Content starts

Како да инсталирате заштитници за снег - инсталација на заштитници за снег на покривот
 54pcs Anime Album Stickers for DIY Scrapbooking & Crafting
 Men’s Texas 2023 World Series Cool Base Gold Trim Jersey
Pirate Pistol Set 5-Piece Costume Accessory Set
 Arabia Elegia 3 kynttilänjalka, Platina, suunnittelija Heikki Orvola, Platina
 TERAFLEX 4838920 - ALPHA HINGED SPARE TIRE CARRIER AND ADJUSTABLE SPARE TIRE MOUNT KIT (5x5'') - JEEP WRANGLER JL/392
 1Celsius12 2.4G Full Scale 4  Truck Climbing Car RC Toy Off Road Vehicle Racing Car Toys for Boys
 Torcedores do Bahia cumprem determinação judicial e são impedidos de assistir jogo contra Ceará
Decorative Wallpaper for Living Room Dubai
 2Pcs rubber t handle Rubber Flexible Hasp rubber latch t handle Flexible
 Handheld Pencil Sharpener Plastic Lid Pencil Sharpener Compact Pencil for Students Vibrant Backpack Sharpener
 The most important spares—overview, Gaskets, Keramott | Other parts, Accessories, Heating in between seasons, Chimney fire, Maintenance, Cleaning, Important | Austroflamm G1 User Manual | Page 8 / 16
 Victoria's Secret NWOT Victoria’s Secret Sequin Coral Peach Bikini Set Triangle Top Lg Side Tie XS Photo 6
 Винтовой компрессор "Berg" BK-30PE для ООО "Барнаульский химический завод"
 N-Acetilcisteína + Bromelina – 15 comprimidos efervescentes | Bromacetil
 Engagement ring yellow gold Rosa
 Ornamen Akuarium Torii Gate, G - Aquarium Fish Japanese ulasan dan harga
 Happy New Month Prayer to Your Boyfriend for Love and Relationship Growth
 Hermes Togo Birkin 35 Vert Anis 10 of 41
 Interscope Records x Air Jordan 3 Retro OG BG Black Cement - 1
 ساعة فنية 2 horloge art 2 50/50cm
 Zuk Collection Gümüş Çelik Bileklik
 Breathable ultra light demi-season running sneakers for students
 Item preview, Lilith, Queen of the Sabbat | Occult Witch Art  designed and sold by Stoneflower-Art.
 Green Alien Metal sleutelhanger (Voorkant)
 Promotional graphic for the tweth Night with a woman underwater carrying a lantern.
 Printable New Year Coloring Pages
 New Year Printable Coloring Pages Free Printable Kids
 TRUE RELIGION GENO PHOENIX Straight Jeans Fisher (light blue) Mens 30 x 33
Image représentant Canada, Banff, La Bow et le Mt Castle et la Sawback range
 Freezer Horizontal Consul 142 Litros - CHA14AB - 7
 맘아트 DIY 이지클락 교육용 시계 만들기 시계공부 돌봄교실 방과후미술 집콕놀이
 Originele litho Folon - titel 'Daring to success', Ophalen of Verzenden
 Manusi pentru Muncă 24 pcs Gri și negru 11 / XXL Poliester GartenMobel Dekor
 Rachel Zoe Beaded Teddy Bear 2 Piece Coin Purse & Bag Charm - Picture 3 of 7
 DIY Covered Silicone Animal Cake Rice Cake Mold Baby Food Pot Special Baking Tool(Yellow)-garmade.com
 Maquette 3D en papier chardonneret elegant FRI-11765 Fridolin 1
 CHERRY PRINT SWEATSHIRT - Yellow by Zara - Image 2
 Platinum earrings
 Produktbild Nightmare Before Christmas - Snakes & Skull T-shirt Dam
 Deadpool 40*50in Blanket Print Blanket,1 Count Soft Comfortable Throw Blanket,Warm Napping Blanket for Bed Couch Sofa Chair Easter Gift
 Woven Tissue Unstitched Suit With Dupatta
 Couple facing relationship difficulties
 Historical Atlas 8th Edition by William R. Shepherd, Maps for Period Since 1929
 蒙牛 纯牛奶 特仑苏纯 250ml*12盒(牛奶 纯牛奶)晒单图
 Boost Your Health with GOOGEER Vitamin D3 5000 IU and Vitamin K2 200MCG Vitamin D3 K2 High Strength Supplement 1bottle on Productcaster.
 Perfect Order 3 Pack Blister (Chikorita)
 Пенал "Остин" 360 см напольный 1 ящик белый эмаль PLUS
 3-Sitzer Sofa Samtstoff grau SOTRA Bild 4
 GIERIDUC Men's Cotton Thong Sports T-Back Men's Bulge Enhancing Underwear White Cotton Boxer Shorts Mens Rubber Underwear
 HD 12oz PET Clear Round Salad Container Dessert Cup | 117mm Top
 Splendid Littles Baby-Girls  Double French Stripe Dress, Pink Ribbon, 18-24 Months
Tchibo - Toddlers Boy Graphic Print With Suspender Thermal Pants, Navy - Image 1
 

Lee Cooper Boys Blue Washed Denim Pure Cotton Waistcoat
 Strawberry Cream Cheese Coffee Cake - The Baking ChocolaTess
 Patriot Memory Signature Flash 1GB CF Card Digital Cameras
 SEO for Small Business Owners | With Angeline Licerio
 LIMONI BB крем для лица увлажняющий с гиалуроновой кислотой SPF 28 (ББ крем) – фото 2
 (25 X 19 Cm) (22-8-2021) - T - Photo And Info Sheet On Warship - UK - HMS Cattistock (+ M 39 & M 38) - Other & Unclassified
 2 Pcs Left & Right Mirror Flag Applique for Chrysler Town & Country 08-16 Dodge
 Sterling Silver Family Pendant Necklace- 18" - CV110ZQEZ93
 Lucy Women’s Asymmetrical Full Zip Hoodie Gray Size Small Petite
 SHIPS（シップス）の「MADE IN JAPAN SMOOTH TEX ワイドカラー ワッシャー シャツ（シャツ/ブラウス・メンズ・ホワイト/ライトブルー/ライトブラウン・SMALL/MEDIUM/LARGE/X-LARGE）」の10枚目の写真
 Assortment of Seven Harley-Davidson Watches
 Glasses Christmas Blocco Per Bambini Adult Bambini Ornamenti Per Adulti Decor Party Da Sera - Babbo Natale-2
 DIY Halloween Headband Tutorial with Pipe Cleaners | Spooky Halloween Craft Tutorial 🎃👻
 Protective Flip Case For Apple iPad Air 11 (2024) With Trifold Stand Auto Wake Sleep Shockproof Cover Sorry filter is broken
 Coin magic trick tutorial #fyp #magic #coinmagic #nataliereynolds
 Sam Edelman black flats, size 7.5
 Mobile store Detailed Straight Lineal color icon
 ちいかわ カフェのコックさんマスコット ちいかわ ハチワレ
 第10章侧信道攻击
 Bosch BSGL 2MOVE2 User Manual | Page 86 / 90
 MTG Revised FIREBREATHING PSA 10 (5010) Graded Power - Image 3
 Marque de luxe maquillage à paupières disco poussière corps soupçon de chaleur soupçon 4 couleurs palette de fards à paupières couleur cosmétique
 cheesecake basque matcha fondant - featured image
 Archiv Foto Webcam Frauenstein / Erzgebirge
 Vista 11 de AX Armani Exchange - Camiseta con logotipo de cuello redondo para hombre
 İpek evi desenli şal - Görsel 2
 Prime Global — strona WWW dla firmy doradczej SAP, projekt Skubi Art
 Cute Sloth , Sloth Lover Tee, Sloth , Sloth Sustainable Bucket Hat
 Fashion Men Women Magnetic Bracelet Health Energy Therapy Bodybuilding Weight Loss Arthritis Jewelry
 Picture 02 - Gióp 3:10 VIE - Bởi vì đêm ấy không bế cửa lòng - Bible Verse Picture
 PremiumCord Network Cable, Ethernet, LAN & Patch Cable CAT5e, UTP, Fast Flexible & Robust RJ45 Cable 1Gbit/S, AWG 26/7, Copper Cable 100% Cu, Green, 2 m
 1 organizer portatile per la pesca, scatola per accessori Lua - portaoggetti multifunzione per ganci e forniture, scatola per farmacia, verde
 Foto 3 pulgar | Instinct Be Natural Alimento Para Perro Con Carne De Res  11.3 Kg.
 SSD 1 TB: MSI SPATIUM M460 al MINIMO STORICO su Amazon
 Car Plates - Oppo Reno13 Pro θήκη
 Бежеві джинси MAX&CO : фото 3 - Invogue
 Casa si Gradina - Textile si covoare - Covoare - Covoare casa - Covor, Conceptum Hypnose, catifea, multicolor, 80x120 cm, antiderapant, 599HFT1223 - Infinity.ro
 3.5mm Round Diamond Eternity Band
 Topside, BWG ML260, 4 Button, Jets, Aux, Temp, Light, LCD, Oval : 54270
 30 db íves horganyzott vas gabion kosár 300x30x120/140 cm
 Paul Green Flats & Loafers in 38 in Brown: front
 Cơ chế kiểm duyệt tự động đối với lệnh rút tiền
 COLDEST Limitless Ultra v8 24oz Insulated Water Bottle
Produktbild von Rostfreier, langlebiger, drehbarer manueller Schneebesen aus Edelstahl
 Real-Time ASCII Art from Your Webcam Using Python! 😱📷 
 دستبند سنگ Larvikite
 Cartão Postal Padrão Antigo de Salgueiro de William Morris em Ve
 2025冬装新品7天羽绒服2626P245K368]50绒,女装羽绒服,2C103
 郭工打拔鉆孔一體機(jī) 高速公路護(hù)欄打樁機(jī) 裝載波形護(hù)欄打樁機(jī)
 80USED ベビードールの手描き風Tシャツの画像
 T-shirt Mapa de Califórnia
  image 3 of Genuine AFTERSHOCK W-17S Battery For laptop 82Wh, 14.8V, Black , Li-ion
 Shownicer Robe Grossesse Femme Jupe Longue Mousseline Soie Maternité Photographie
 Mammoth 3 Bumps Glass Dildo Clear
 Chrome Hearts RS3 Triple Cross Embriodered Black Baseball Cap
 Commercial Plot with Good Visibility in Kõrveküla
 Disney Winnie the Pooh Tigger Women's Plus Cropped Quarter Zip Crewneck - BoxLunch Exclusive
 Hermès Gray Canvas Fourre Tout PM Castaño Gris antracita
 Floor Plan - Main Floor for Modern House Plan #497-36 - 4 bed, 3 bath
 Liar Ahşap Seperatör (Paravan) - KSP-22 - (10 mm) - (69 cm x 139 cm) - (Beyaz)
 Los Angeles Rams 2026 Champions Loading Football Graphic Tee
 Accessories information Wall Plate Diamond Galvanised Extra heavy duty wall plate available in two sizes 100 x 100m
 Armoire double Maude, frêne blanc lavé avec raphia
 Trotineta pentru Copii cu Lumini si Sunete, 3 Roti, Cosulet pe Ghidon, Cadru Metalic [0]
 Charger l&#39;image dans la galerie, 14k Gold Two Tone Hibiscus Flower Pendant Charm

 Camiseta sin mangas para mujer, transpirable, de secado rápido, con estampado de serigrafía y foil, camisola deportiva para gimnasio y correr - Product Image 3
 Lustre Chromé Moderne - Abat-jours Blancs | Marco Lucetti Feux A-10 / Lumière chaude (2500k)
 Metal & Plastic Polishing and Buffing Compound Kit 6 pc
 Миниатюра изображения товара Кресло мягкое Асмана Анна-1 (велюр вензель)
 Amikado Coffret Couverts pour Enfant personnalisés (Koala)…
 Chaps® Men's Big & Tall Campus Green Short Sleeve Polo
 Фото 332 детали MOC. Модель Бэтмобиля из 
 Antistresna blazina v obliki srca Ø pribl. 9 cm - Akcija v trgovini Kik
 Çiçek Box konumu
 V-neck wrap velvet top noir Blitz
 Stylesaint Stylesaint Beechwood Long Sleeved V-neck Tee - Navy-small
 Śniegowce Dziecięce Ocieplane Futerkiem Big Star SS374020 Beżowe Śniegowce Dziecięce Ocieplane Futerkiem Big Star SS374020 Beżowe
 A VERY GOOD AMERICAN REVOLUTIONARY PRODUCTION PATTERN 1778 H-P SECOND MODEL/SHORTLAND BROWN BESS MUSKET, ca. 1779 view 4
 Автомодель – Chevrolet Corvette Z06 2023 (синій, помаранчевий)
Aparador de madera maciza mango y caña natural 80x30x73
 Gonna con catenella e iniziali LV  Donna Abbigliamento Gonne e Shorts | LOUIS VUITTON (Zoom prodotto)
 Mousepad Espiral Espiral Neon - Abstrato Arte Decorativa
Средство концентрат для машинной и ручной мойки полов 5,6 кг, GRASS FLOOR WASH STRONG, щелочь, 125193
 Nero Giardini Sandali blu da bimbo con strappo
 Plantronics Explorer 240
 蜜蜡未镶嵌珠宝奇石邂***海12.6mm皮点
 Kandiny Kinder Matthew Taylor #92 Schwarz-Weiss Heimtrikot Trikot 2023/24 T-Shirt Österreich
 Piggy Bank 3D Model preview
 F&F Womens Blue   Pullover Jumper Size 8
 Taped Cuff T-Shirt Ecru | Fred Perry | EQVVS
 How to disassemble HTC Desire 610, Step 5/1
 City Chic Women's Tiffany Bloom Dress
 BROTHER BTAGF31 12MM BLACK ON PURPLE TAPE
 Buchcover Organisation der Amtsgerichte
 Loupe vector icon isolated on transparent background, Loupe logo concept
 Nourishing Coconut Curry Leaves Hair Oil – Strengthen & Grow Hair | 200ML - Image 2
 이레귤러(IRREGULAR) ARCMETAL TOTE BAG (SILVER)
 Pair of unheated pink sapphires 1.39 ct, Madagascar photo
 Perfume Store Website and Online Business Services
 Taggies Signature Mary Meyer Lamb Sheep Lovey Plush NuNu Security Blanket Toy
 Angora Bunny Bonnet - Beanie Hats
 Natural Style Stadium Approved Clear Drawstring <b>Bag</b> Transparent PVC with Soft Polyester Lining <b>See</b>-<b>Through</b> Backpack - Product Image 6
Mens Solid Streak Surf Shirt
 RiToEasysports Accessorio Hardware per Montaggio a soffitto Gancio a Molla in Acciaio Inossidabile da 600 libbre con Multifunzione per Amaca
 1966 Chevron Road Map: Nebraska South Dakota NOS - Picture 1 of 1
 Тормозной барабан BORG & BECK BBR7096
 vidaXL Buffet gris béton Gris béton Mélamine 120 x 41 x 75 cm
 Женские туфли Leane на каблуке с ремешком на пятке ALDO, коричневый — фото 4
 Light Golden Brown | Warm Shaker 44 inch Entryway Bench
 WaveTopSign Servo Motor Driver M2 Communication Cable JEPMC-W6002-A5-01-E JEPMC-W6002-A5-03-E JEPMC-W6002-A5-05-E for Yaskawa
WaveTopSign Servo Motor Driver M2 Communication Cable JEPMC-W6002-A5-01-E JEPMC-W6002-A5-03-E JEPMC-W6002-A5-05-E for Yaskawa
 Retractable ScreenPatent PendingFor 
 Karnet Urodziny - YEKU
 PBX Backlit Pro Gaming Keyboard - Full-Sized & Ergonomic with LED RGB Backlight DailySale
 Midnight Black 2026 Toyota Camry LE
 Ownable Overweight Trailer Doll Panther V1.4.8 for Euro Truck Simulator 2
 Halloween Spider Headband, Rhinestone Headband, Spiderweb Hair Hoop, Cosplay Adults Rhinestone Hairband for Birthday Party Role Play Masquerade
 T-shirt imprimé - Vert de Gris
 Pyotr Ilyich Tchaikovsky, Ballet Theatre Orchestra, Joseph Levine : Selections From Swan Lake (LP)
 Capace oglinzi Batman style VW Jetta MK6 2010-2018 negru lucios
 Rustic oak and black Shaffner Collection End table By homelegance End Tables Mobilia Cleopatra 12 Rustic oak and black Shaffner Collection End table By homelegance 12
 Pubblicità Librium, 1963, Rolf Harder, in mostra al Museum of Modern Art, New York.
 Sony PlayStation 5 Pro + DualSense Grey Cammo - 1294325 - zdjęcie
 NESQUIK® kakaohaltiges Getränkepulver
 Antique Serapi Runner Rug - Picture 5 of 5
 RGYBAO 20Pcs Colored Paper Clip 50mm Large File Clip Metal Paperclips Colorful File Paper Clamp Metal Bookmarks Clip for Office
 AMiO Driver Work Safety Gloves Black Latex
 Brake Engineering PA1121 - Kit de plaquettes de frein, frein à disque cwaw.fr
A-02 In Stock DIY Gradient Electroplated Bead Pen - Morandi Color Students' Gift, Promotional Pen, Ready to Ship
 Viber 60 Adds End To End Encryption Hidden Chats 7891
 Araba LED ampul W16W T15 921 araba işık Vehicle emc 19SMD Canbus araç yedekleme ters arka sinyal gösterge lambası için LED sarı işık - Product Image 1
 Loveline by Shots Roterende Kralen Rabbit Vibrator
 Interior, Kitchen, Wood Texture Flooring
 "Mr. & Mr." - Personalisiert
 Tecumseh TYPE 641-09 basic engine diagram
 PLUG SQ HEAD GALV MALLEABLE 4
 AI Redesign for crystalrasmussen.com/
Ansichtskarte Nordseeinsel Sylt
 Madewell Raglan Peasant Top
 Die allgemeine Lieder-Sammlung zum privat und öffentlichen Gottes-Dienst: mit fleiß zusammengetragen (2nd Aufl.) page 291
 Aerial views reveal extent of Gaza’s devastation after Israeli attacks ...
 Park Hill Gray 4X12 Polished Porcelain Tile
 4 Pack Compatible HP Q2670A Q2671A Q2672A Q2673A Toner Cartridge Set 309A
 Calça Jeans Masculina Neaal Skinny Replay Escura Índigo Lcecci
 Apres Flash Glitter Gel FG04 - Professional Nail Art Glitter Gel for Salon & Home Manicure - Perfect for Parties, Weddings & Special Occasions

Content ends

**WHAT IS REQUIRED**:
Starting from the first line of the records above, retype each line exactly up to and including the one that contains "TERAFLEX 4838920 - ALPHA", and nothing more.

**EXERCISE RESULT**:
Како да инсталирате заштитници за снег - инсталација на заштитници за снег на покривот
 54pcs Anime Album Stickers for DIY Scrapbooking & Crafting
 Men’s Texas 2023 World Series Cool Base Gold Trim Jersey
Pirate Pistol Set 5-Piece Costume Accessory Set
 Arabia Elegia 3 kynttilänjalka, Platina, suunnittelija Heikki Orvola, Platina
 TERAFLEX 4838920 - ALPHA HINGED SPARE TIRE CARRIER AND ADJUSTABLE SPARE TIRE MOUNT KIT (5x5'') - JEEP WRANGLER JL/392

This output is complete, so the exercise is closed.